/ KITCTFCTF  REV

protector

This was a cool reversing challenge where I wrote a GDB script to undo obfuscated operations to get the flag.

Setup

We’re given a binary called protector, and if we run it, we’re greeted with an input prompt.

Input: 

If we enter anything random, we just get hit with a:

No

If we open the binary in Ghidra, we see that this writes some code to an address and immediately jumps to it, indicating self-modifying code.

ghidra screenshot showing entry code

Let’s open the binary in GDB and see what’s going on.

GDB Exploration

First, I wanted to see what was happening around the read syscall. I ran the program with the r command and then interrupted the program using ctrl+c when it was waiting for user input. I printed out the instructions around that area using x/17i $rip-2:

Instructions around the input; mostly nop

It appears that the code is obfuscated so that it executes a couple of instructions before jumping elsewhere. I stepped through more instructions, but it didn’t seem simple enough to know what was going on immediately.

I was stuck for a bit, but then I got the idea to put a read watchpoint on the string storing the input. The register view from gef showed me that the input was stored in $rsp, and I used the rwatch command to set a read watchpoint on that address.

gef register view

The watchpoint was hit! I looked around the area to figure out which instruction caused the read, and it was a CMP instruction.

instructions around watchpoint, showing cmp

Using the stack view from gef, I was able to see that my input had completely changed.

stack view showing different data from input on stack

From these observations, I concluded that the input had undergone some transformation, and that the first character needed to be 0x5a after the transformation. To determine what transformations were done to the input, I set a write watchpoint on the input using the watch command.
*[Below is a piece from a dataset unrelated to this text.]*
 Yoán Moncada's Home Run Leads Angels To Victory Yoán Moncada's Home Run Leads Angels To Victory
I restarted the program and noticed that each character only had three different instructions that modified it: XOR, ADD, and SUB.

These operations are all reversible, so if we can record all the operations that are done to each character and the expected final value, we can compute the flag.
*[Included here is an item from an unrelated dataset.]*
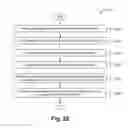 Fig. 25 - Method of splitting a packet into individual layers for modification and intelligently stitching layers back together after modification and an apparatus thereof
There were too many characters to do this manually, so I learned how to use the Python GDB API and wrote a script.

GDB Script

Let’s go over the code. First, I defined some useful constants.

FLAG_START = 0
FLAG_SIZE = 64
WORD_SIZE = 4

ops = []
for _ in range(FLAG_SIZE):
    ops.append([])
expected = []

WORD_SIZE defines how many bytes each watchpoint will watch. This happened to be 4 on my system. FLAG_START and FLAG_SIZE define the range of the input that has the flag. I determined FLAG_SIZE incrementally, starting from 0 and going up until I got the entire flag. ops is a list containing lists of operations that are done to each character (the index of ops corresponds to the index in the flag). expected contains the expected final value of each character.

This code appears in the SolveChallenge class:

class SolveChallenge(gdb.Command):
    def __init__(self):
        super(SolveChallenge, self).__init__("solve", gdb.COMMAND_DATA)

This defines a class that binds itself to the solve keyword. After sourcing the script using the source command, executing the solve command will run the invoke function of the script:

def invoke(self, arg, from_tty):
    start_addr = None
    for i in range(FLAG_START, FLAG_SIZE, WORD_SIZE):
        gdb.execute("del")
        gdb.execute("catch syscall read")
        gdb.execute("r < input.txt")
        if start_addr is None:
            start_addr = int(gdb.selected_frame().read_register("rsp"))
        gdb.execute("c")

        addr = start_addr + i
        gdb.execute(f"watch *{addr}")
        gdb.execute(f"rwatch *{addr}")

        while True:
            gdb.execute("c")
            instr = get_instr()
            flag_i = gdb.selected_frame().read_register("rdi") - start_addr
            # Calculate the inverse op
            op = None
            match instr[0]:
                case "xor":
                    op = operator.xor
                case "add":
                    op = operator.sub
                case "sub":
                    op = operator.add
                case "cmp":
                    break
                case _:
                    raise Exception(f"Unknown op: {instr}")
            assert instr[1] == "BYTE" and instr[2] == "PTR"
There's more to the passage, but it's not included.